Говорю: «Саша, это была моя первая игра за СКА. Неужели ты мне не веришь?» А я, к слову, спорю лишь тогда, когда уверен в своей правоте хотя бы на 95 процентов. В итоге зарубились на банку пива и стали звонить журналисту Сереге Новикову. Он сверился со своими талмудами и официально подтвердил факт моего дебюта. Но те памятные цифры 20:40 событие, конечно, сильно омрачили.
А самые приятные воспоминания той поры — о победе над гданьским «Выбжеже» в финале Кубка чемпионов в 1987-м. Это было реально круто — СКА тогда впервые завоевал тот трофей. Кстати, мы жили в Польше в казарме одной из советских частей, а после матча командующий Белорусским военным округом прислал за нами свой самолет.
В Гданьске была неплохая команда, там играли Даниэль Вашкевич, Богдан Вента, весь костяк национальной сборной. Но для нас все прошло довольно гладко, без запар. Мы выиграли и дома, и в повторном матче. Самым сложным в том розыгрыше получился полуфинал против ТУСЕМа — с ничьей в гостях и нашим перевесом в мяч в Минске.

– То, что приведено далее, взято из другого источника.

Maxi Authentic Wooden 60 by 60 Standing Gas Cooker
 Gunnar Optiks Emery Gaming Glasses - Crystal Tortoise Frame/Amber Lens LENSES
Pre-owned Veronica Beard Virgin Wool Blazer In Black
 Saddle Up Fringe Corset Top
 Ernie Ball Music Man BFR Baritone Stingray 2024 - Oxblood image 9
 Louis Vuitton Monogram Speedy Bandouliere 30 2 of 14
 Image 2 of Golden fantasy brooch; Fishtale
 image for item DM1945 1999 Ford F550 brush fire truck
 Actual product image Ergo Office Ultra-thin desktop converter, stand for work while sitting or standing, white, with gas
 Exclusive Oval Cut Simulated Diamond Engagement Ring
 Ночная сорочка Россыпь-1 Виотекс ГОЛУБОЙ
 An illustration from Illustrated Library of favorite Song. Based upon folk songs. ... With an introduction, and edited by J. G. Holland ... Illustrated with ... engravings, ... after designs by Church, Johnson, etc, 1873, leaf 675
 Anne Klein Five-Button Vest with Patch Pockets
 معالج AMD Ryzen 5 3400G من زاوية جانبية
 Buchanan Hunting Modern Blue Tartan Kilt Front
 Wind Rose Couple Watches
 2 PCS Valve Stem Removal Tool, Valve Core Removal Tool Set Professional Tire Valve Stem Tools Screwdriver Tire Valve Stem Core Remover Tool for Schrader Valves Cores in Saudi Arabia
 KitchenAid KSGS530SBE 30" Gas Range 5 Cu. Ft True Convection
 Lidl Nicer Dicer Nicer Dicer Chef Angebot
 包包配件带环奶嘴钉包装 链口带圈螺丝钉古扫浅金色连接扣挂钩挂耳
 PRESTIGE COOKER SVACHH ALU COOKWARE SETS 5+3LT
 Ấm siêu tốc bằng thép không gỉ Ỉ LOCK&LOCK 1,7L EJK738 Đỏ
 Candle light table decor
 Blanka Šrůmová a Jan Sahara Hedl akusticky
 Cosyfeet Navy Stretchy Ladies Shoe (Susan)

— А легендарное финальное противостояние со «Стяуа» в 1989-м вспоминается?
— Не так ярко. В Бухаресте уступили шесть мячей, а дома повезло — выиграли четырнадцать.
Кстати, в будущем, играя за «Сан-Антонио», побывал в ситуации зеркальной. В первом финальном матче Лиги чемпионов мы выиграли в 2003-м году у «Монпелье» с юным Карабатичем восемь мячей. После игры подумал, что сохраним нужную разницу в любом состоянии, даже если выйдем играть навеселе. Но в гостях получили двенадцать…
— В начале 90-х годов игроки СКА массово разъехались по Европе. Многие — в Германию, чей чемпионат считался тогда самым мощным. Почему туда не уехали вы?
— Честно говоря, никогда не хотел играть в Германии. Эта страна очень педантична, ее уклад не по мне. Испания больше по душе.
— Откуда было первое зарубежное предложение?
— Из французского «Нима». А чуть позже — из «Теки». Но все же выбрал тогда, в 92-м, испанский маршрут.
— Предложение от испанцев было выгодно и СКА?
— Сумму трансфера называть не буду. Мне ее озвучил потом босс «Теки» Хосе Антонио Ревиль. Но скажу, что СКА получил за меня действительно немало.